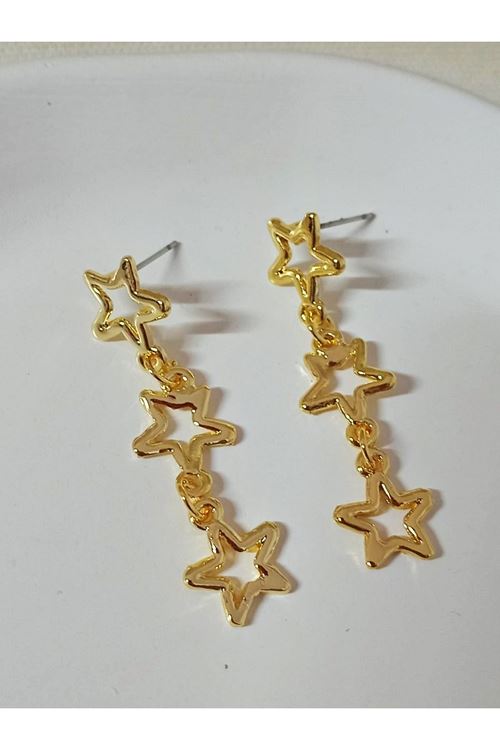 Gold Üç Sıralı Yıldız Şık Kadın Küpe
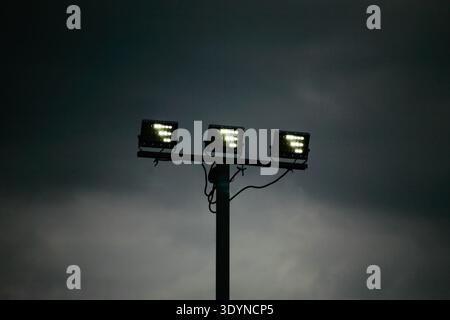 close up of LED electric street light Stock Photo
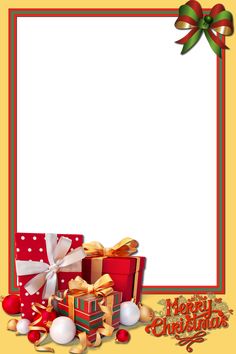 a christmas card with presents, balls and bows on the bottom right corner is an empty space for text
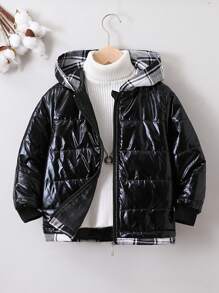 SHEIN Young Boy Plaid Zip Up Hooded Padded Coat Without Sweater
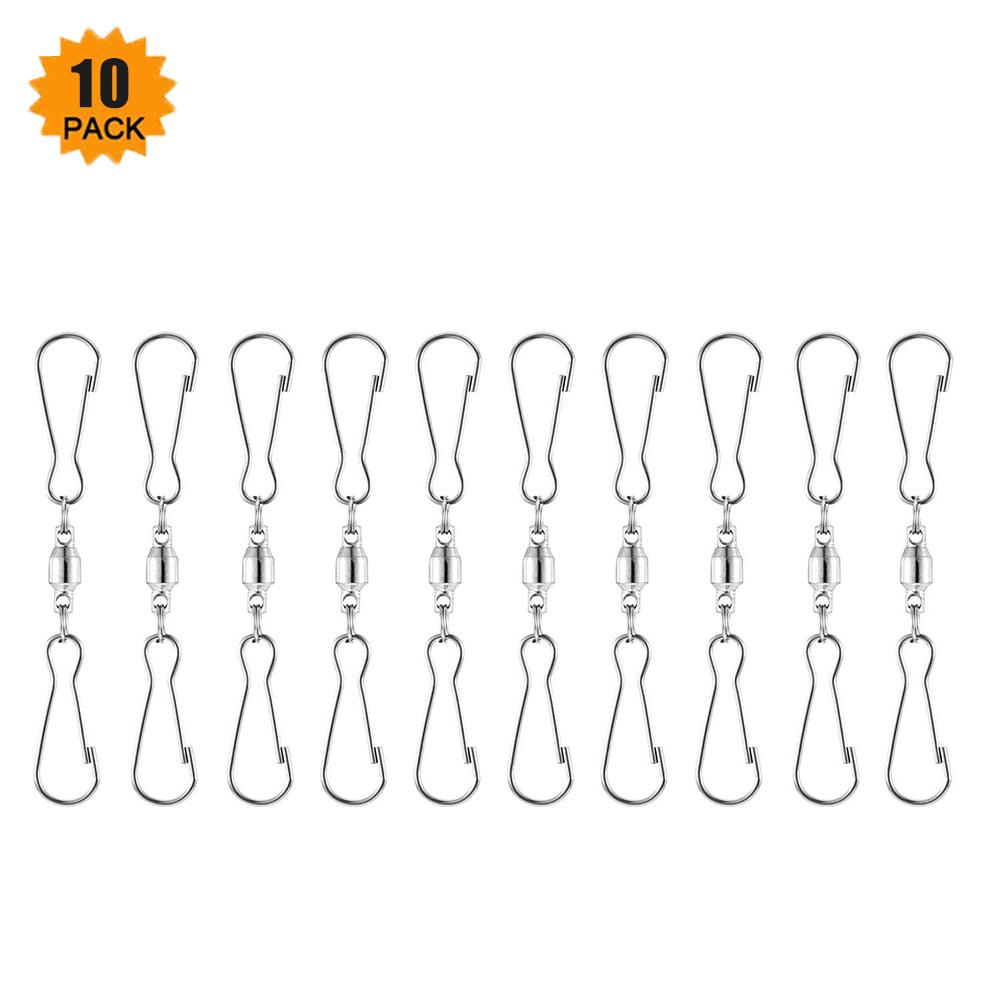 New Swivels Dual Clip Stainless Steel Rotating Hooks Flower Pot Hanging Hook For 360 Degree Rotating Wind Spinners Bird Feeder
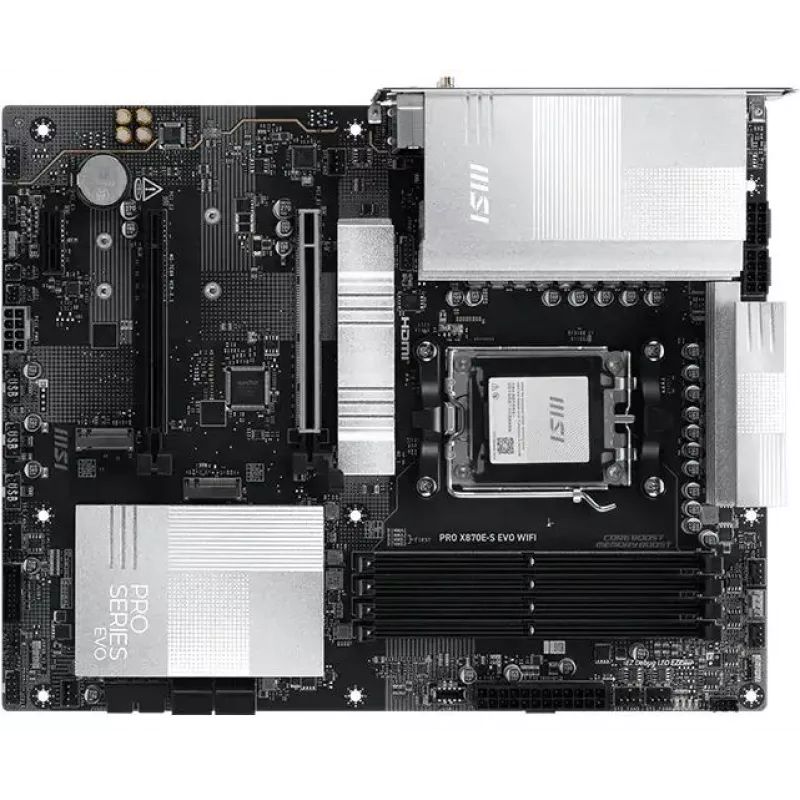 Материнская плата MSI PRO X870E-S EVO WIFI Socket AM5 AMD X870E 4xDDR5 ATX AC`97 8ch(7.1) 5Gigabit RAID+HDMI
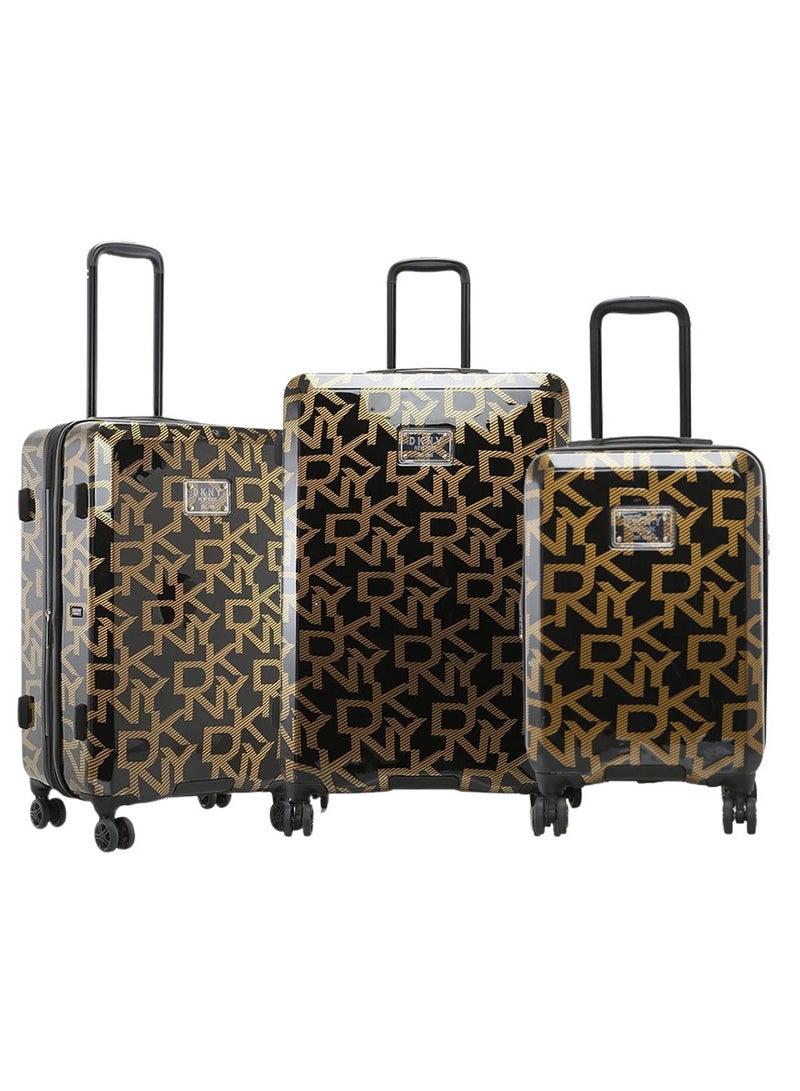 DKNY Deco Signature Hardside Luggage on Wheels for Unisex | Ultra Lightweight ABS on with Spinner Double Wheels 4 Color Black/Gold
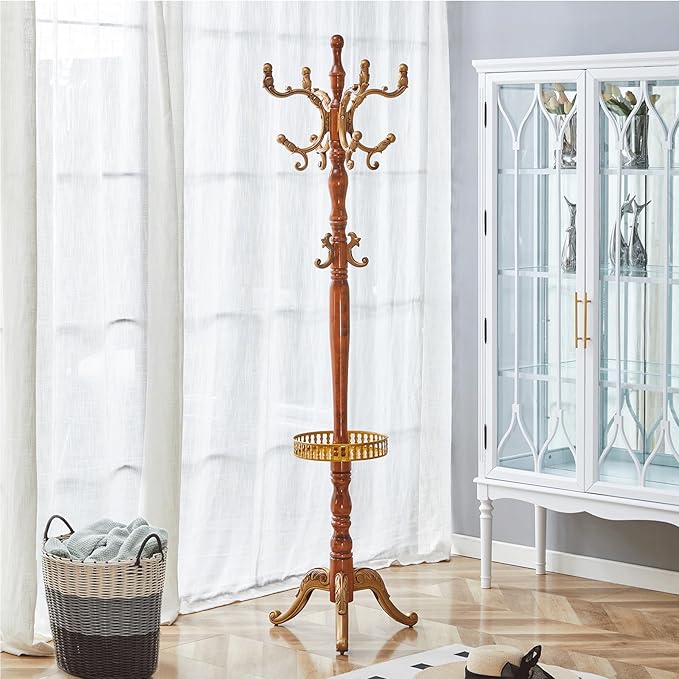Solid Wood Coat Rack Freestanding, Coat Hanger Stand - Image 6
※ ※ ※
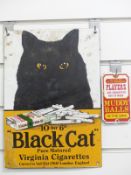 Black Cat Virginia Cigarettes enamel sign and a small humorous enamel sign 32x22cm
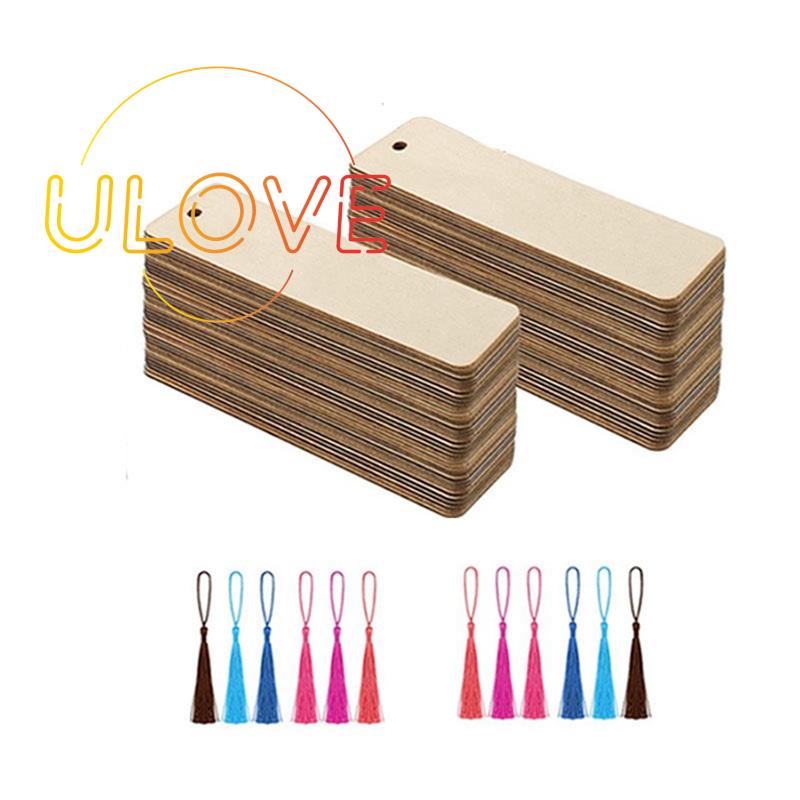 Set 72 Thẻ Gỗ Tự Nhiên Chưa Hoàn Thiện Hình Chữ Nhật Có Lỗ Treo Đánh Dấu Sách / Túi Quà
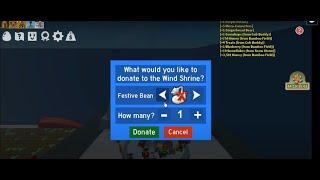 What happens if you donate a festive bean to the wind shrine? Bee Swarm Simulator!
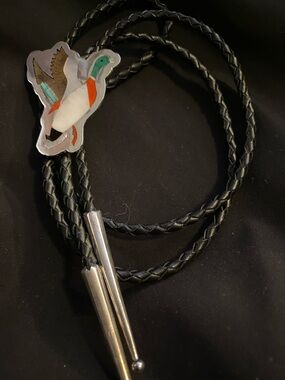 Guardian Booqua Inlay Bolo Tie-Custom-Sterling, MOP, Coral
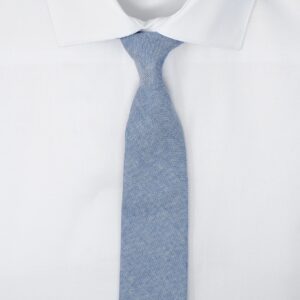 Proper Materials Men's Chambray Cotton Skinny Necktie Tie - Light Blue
※ ※ ※
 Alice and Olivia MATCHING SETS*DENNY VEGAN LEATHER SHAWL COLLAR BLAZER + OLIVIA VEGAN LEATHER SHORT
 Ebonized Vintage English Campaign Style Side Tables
※ ※ ※
EXERCISE OBJECTIVE>
Using the data above, print only the lines starting at the one with "Set 72 Thẻ Gỗ" and ending at the one with "Proper Materials Men's", exactly as they stand, minus the pictures.

RESULT OF THE TASK>
 Set 72 Thẻ Gỗ Tự Nhiên Chưa Hoàn Thiện Hình Chữ Nhật Có Lỗ Treo Đánh Dấu Sách / Túi Quà
 What happens if you donate a festive bean to the wind shrine? Bee Swarm Simulator!
 Guardian Booqua Inlay Bolo Tie-Custom-Sterling, MOP, Coral
 Proper Materials Men's Chambray Cotton Skinny Necktie Tie - Light Blue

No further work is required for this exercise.